▸ **Task to complete**:
Repeat the data exactly, please; no pictures belong in the copy.

▸ **Data provided**:

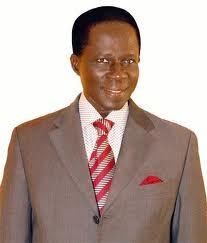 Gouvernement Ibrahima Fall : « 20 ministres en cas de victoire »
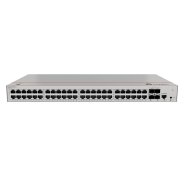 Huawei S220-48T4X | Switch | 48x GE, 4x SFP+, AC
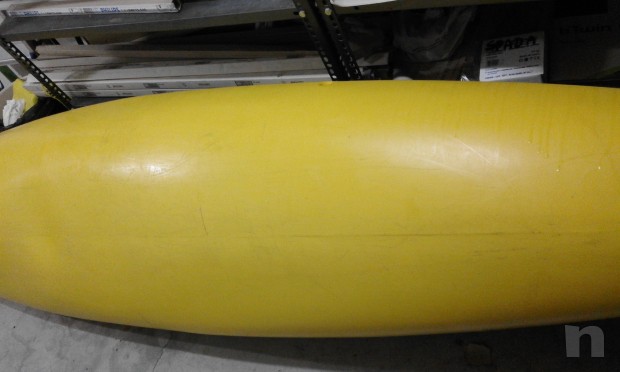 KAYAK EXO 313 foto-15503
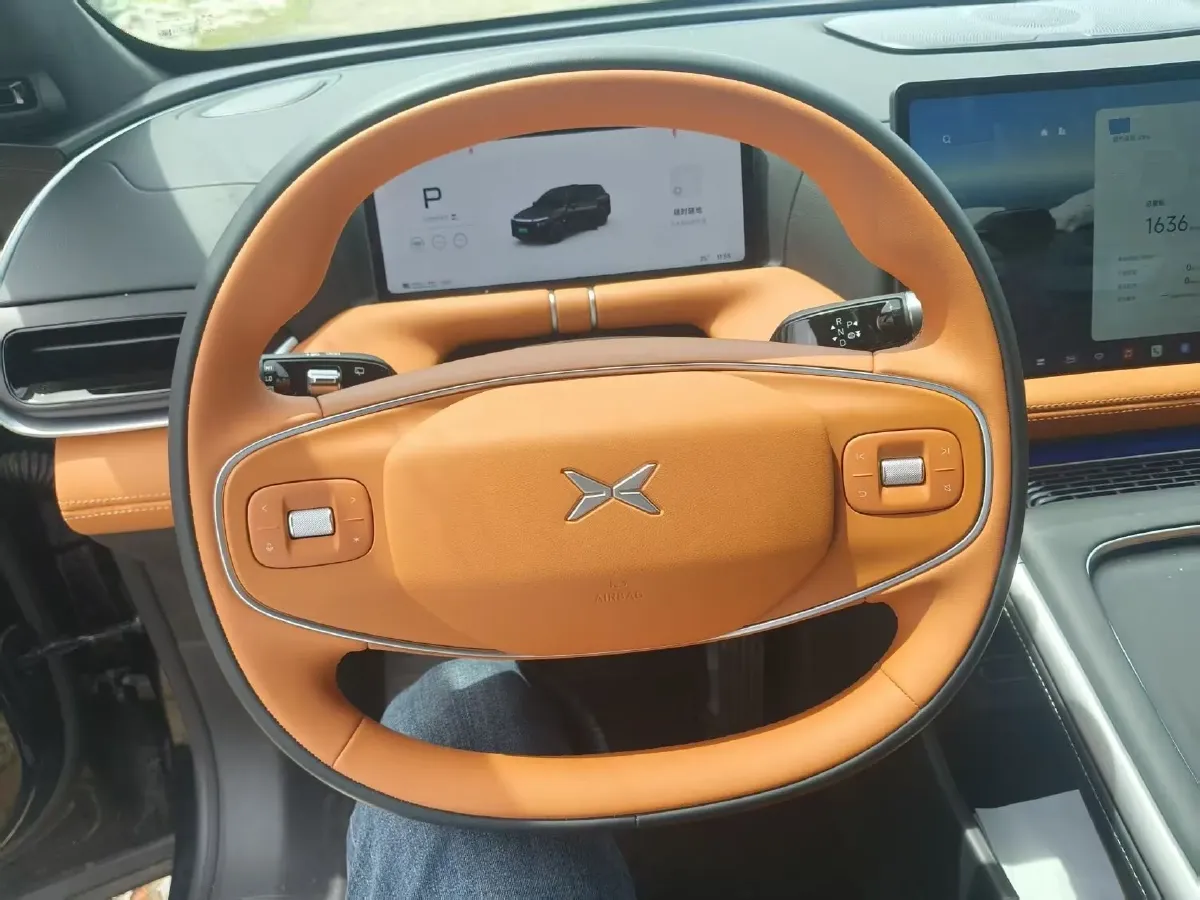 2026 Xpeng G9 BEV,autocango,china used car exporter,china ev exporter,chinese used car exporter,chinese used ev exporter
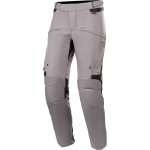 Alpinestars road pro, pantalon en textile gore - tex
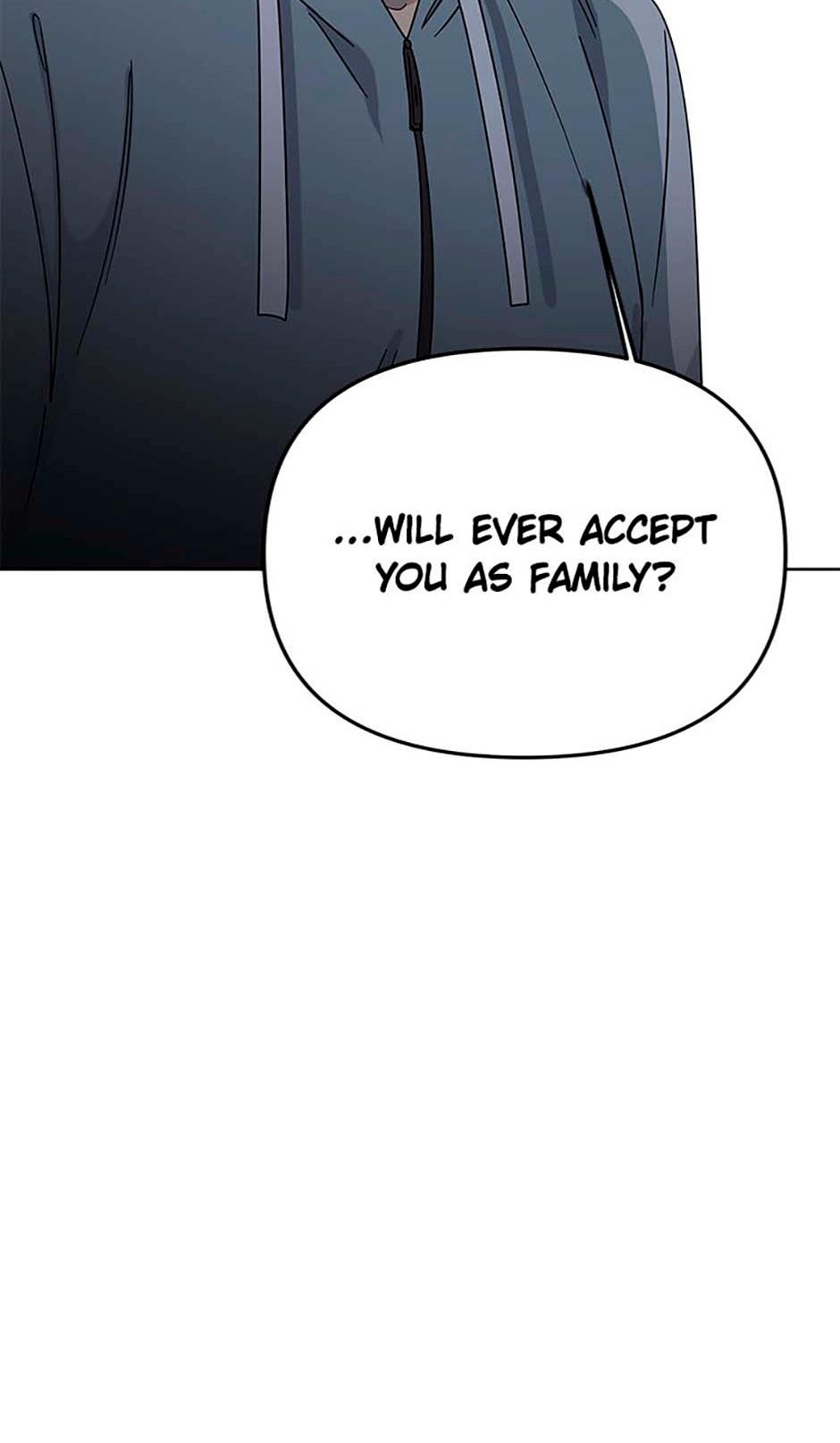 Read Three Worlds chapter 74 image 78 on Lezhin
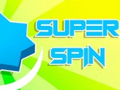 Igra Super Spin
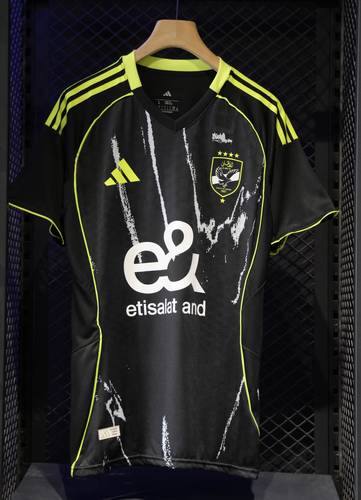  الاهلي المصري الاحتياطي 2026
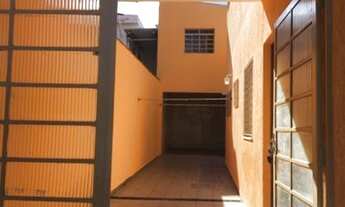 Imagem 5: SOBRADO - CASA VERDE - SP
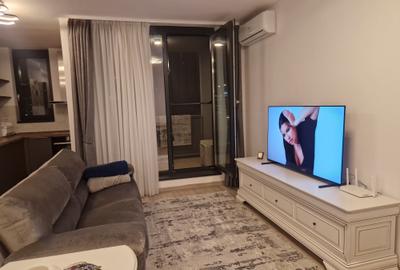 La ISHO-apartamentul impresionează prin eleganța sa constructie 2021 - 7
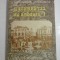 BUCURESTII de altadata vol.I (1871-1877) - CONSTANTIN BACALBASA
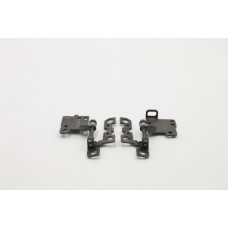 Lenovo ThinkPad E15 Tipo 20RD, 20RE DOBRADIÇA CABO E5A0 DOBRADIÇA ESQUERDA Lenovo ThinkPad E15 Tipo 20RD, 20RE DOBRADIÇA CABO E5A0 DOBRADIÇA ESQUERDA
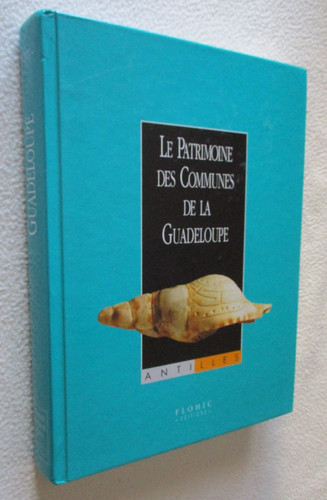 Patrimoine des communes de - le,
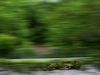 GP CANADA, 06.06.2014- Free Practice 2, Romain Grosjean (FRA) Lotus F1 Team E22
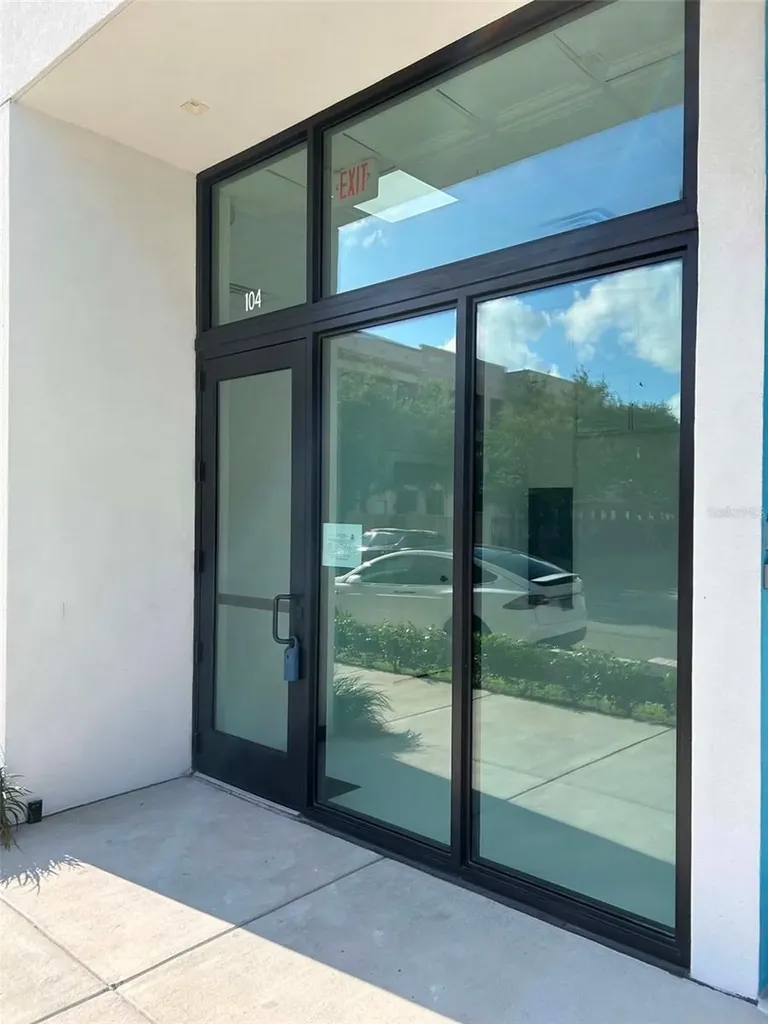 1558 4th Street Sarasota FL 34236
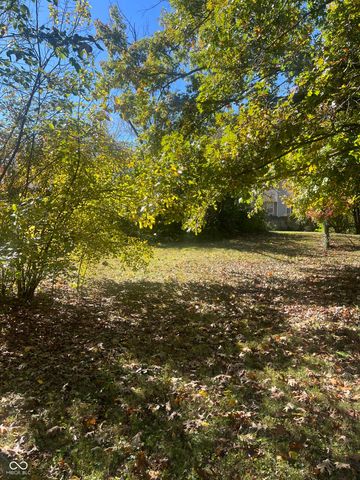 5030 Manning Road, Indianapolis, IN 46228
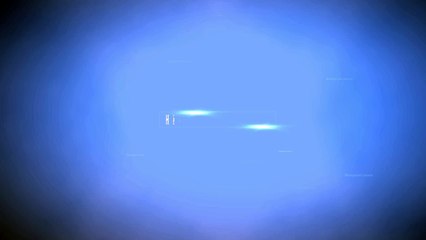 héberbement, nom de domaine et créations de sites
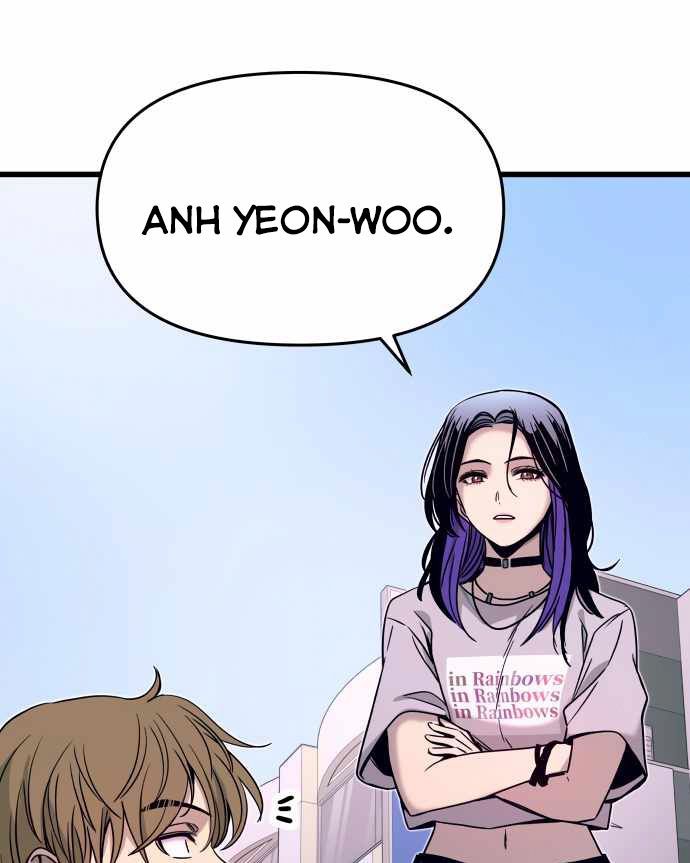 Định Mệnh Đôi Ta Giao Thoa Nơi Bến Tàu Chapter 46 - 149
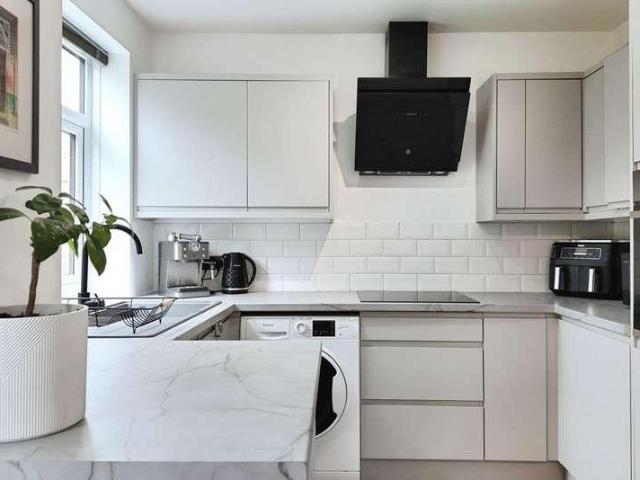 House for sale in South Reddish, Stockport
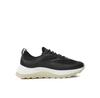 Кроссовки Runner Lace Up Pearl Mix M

▸ **Solution below**:
 Gouvernement Ibrahima Fall : « 20 ministres en cas de victoire »
 Huawei S220-48T4X | Switch | 48x GE, 4x SFP+, AC
 KAYAK EXO 313 foto-15503
 2026 Xpeng G9 BEV,autocango,china used car exporter,china ev exporter,chinese used car exporter,chinese used ev exporter
 Alpinestars road pro, pantalon en textile gore - tex
 Read Three Worlds chapter 74 image 78 on Lezhin
 Igra Super Spin
  الاهلي المصري الاحتياطي 2026
 Imagem 5: SOBRADO - CASA VERDE - SP
 La ISHO-apartamentul impresionează prin eleganța sa constructie 2021 - 7
 BUCURESTII de altadata vol.I (1871-1877) - CONSTANTIN BACALBASA
 Lenovo ThinkPad E15 Tipo 20RD, 20RE DOBRADIÇA CABO E5A0 DOBRADIÇA ESQUERDA Lenovo ThinkPad E15 Tipo 20RD, 20RE DOBRADIÇA CABO E5A0 DOBRADIÇA ESQUERDA
 Patrimoine des communes de - le,
 GP CANADA, 06.06.2014- Free Practice 2, Romain Grosjean (FRA) Lotus F1 Team E22
 1558 4th Street Sarasota FL 34236
 5030 Manning Road, Indianapolis, IN 46228
 héberbement, nom de domaine et créations de sites
 Định Mệnh Đôi Ta Giao Thoa Nơi Bến Tàu Chapter 46 - 149
 House for sale in South Reddish, Stockport
 Кроссовки Runner Lace Up Pearl Mix M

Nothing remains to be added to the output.